*Data records:*

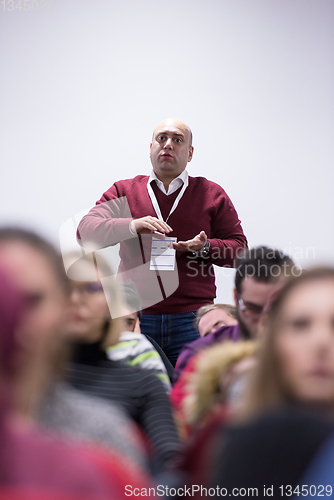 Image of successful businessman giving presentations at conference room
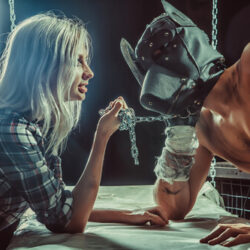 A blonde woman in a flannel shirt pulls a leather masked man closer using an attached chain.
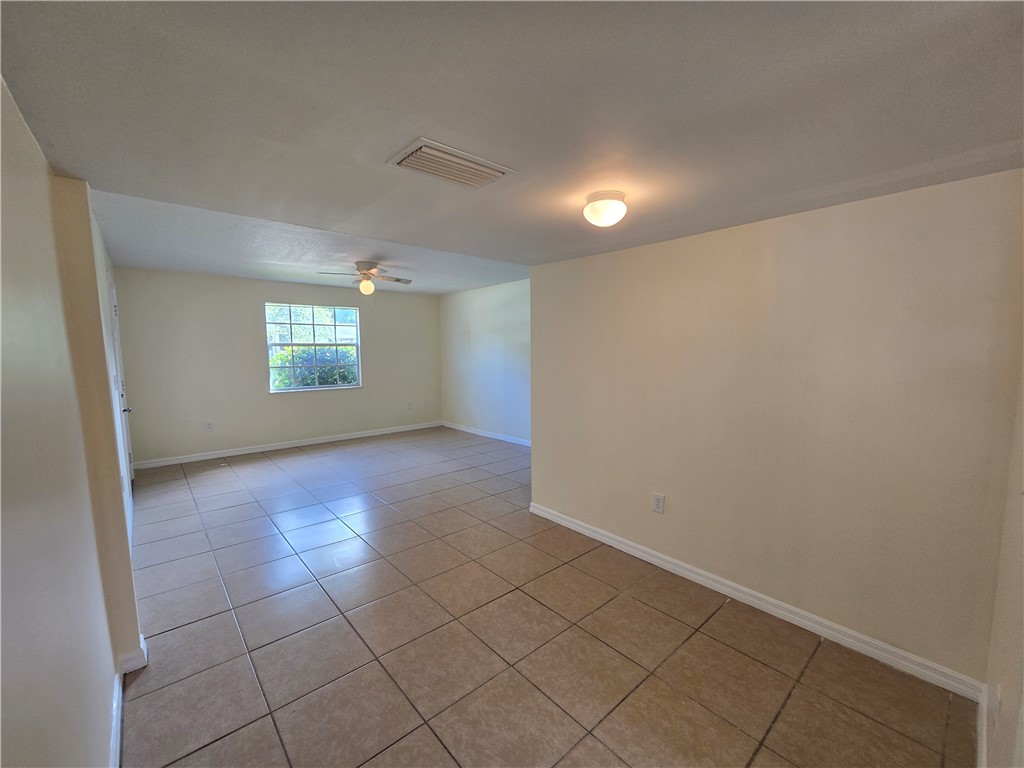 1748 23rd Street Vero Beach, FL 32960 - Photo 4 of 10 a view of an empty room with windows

--

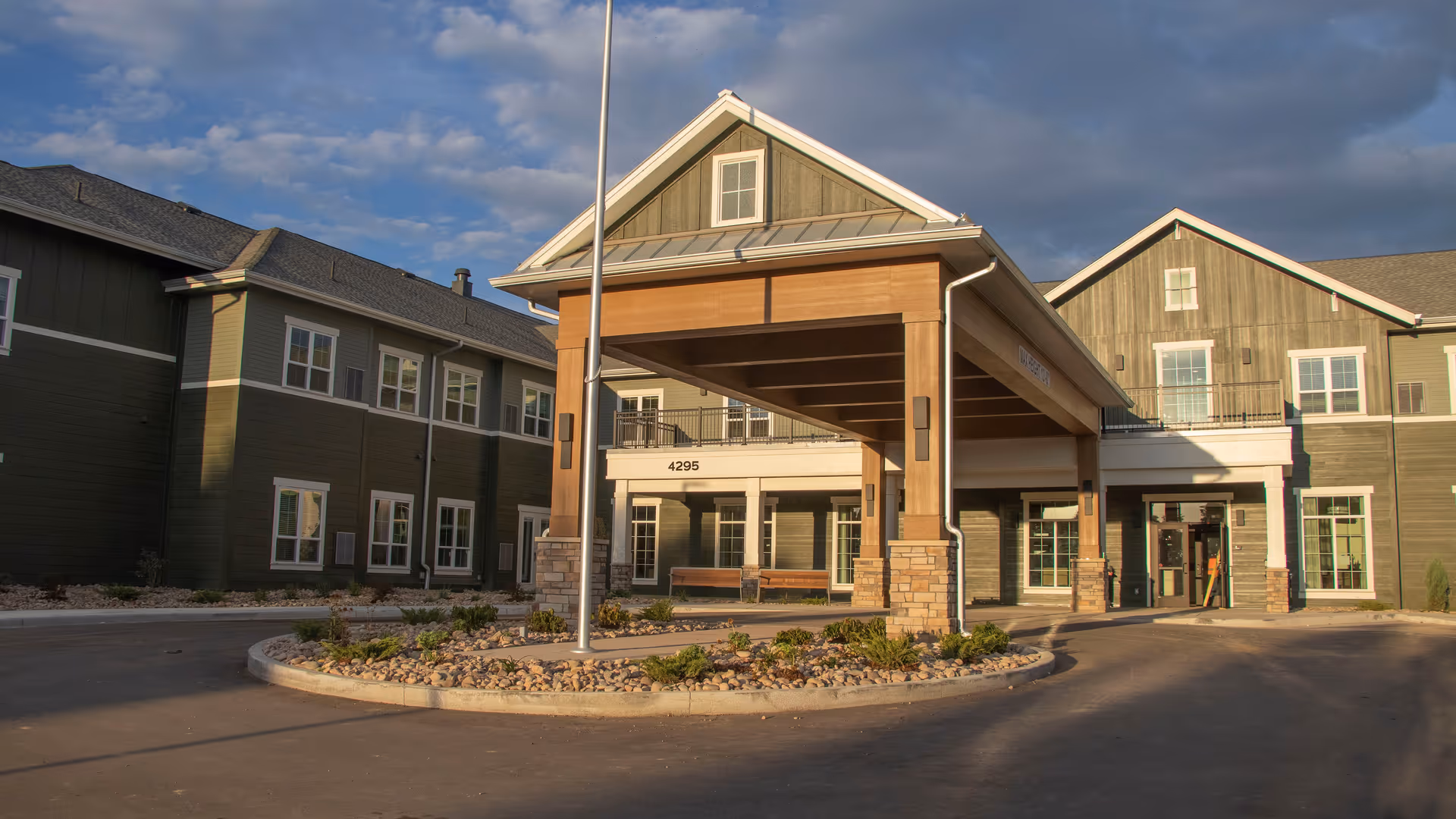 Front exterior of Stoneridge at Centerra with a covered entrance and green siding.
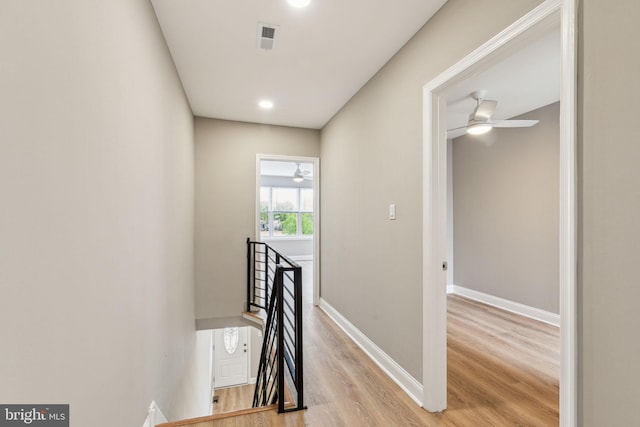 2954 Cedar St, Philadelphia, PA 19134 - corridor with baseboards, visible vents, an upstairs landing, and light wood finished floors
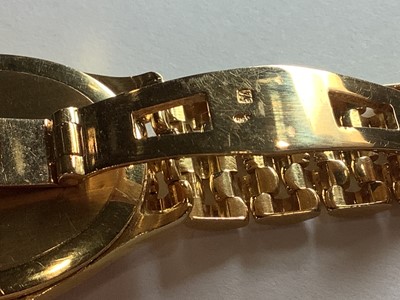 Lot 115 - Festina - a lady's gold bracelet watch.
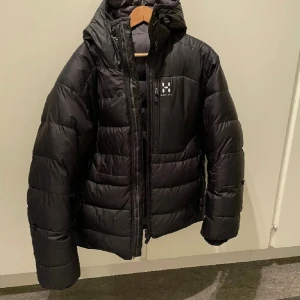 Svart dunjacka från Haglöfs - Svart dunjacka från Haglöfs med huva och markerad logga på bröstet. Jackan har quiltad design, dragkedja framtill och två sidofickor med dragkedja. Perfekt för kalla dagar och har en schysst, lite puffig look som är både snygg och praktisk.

==

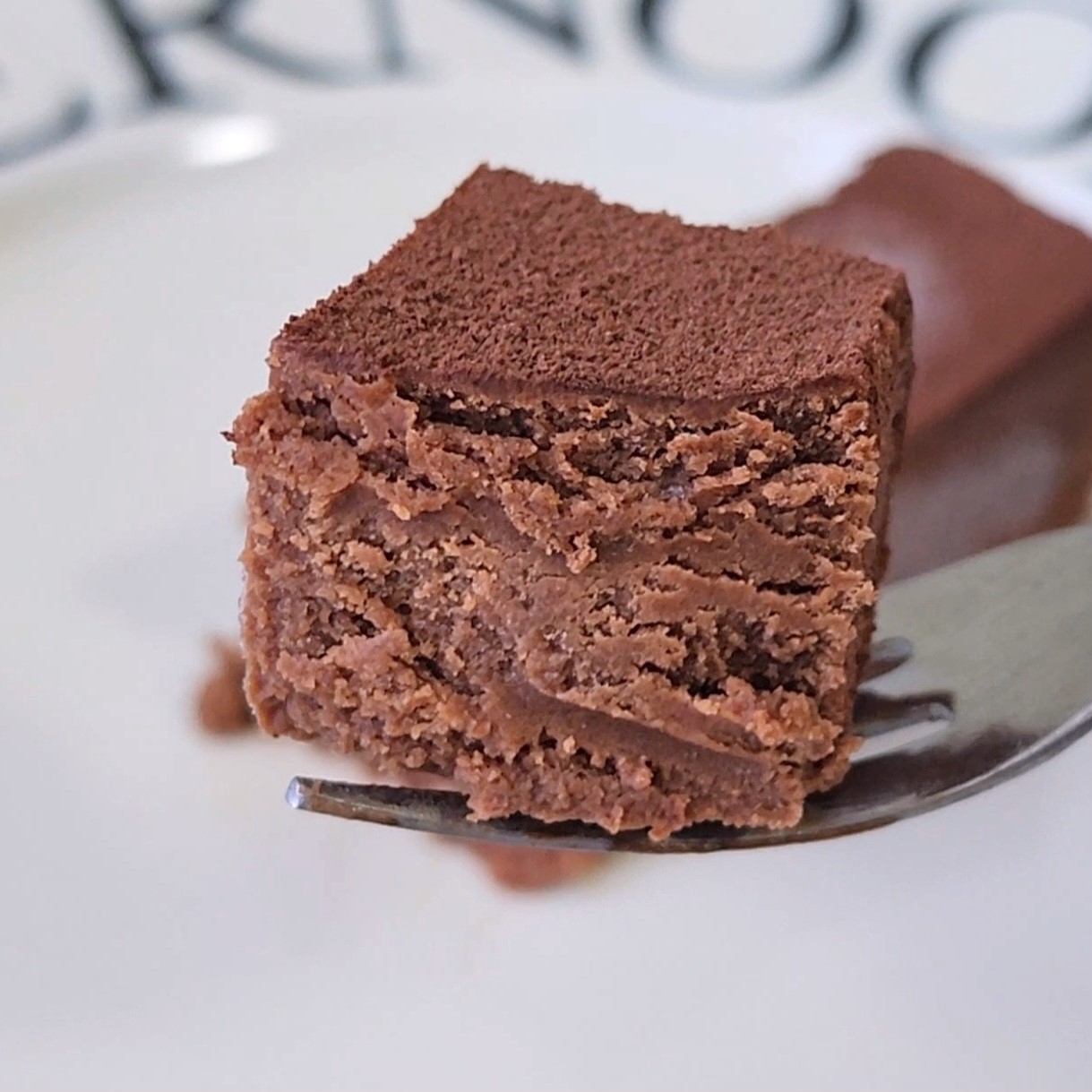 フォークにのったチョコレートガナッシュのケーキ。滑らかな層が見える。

*About this task:*
Among the records above, locate the line containing "Image of successful" and the line containing "1748 23rd Street", then transcribe exactly the lines starting at the first and ending at the second, with no pictures.

*Solution to the exercise:*
 Image of successful businessman giving presentations at conference room
 A blonde woman in a flannel shirt pulls a leather masked man closer using an attached chain.
 1748 23rd Street Vero Beach, FL 32960 - Photo 4 of 10 a view of an empty room with windows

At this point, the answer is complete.